[
https://issues.apache.org/jira/browse/DRILL-4735?page=com.atlassian.jira.plugin.system.issuetabpanels:comment-tabpanel&focusedCommentId=16089662#comment-16089662
]
Arina Ielchiieva edited comment on DRILL-4735 at 7/17/17 1:16 PM:
------------------------------------------------------------------
Fix will cover the following aspects:
1. {{ConvertCountToDirectScan}} will be able to distinguish between implicit /
directory and non-existent columns, relates to current Jira DRILL-4735.
To achieve this `Agg_on_scan` and `Agg_on_proj_on_scan` rules will take new
parameter in constructor {{OptimizerRulesContext}}, similar for [prune scan
rules|https://github.com/apache/drill/blob/3e8b01d5b0d3013e3811913f0fd6028b22c1ac3f/exec/java-exec/src/main/java/org/apache/drill/exec/planner/PlannerPhase.java#L345].
It will help to find out if column is implicit / directory or not.

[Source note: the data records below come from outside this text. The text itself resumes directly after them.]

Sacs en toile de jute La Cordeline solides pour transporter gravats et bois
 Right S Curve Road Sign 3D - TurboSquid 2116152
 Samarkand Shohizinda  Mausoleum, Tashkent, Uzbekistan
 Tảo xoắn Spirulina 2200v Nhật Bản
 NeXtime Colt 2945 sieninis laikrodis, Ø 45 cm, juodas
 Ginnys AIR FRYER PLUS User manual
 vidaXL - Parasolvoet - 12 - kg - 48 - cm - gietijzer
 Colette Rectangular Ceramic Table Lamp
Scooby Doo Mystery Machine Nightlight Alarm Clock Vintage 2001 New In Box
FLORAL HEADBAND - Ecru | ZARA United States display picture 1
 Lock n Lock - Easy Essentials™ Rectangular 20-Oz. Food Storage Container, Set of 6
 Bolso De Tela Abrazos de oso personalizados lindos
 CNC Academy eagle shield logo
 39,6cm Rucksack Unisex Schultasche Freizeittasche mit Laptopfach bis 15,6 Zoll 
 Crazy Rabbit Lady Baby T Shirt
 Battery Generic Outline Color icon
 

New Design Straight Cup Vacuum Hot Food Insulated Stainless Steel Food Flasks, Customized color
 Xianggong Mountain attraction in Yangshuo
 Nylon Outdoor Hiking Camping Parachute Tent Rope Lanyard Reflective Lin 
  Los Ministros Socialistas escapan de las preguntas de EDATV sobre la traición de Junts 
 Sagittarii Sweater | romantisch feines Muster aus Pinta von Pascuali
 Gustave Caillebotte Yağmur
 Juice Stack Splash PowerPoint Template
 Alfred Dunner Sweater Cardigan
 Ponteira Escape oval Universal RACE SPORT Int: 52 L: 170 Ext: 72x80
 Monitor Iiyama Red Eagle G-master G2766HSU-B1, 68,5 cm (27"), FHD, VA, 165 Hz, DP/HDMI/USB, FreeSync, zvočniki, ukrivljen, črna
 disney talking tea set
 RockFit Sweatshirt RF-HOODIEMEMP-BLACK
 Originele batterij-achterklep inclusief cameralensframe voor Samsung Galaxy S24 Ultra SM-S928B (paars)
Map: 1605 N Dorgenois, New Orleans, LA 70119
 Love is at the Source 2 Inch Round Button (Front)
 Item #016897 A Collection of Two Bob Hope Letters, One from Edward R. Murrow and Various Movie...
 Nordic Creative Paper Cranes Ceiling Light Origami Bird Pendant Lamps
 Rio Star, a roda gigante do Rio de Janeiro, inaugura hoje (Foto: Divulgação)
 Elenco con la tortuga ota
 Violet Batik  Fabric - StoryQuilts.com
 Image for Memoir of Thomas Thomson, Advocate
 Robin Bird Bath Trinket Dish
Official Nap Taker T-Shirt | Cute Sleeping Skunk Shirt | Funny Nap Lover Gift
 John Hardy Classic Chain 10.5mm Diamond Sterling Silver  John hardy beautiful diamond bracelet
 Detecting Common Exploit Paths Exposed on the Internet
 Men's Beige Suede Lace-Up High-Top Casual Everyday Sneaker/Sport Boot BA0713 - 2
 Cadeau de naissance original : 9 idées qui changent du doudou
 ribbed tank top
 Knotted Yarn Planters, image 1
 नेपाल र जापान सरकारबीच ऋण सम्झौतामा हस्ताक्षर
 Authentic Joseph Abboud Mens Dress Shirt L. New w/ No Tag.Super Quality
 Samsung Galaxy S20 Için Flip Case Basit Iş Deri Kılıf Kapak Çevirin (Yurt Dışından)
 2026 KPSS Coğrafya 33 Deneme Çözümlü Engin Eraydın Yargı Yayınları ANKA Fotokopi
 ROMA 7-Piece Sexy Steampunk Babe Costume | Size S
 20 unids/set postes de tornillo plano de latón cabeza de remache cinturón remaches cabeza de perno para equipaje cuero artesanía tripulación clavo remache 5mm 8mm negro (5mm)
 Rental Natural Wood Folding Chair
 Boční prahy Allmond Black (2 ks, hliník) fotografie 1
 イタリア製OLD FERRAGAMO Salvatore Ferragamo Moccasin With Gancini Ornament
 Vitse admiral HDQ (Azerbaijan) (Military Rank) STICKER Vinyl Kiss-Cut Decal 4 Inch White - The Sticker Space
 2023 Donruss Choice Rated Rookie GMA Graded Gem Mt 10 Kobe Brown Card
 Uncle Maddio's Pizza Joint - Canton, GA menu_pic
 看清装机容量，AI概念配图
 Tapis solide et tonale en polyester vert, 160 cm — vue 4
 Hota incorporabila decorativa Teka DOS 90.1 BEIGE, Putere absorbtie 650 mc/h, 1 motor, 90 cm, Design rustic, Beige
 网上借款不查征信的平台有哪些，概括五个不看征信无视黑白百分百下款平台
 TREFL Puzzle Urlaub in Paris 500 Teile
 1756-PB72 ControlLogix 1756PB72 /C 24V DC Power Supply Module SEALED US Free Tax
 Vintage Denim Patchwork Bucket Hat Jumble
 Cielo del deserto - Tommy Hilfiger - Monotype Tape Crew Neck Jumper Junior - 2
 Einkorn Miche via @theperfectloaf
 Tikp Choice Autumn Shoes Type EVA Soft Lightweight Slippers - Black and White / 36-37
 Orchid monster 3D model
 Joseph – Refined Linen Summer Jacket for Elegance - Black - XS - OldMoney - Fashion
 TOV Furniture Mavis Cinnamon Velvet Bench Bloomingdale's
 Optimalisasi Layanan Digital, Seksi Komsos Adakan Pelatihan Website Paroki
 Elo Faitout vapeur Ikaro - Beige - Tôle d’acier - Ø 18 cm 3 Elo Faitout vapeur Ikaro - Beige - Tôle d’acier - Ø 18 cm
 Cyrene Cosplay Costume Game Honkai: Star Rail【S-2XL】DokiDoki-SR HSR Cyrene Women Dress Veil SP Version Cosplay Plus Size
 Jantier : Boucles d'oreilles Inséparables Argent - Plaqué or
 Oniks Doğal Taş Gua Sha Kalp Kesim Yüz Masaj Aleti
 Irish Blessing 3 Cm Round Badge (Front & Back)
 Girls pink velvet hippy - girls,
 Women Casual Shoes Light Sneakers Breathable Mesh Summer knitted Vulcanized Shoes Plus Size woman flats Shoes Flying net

{{OptimizerRulesContext}} has access to session options through
{{PlannerSettings}} which are crucial for defining current implicit / directory
column names. After we receive list of columns to which rule will be applied,
we'll checks if this list contains implicit or directory columns. If contains,
we won't apply the rule.
2. {{ConvertCountToDirectScan}} rule to be applicable for 2 or more COUNT
aggregates, relates to DRILL-1691.
When column statistics is available we use {{PojoRecordReader}} to return its
value. {{PojoRecordReader}} requires exact model. In our case we'll need reader
that will allow dynamic model usage (the one where we don't know how many
columns it will have). For this purpose {{DynamicPojoRecordReader}} will be
used. Instead of exact model it will accept dynamic model represented by
{{List<LinkedHashMap<String, Object>> records}}, list of maps where key ->
column name, value -> column value. Common logic between {{PojoRecordReader}}
and {{DynamicPojoRecordReader}} will extracted in abstract parent class.
3. Currently when {{ConvertCountToDirectScan}} is applied in plan we see the
following:
{noformat}
Scan(groupscan=[org.apache.drill.exec.store.pojo.PojoRecordReader@60017daf[columns
= null, isStarQuery = false, isSkipQuery = false]])
{noformat}
User has no idea that column statistics was used to calculate the result, if
partition pruning took place etc, relates to DRILL-5357 and DRILL-3407.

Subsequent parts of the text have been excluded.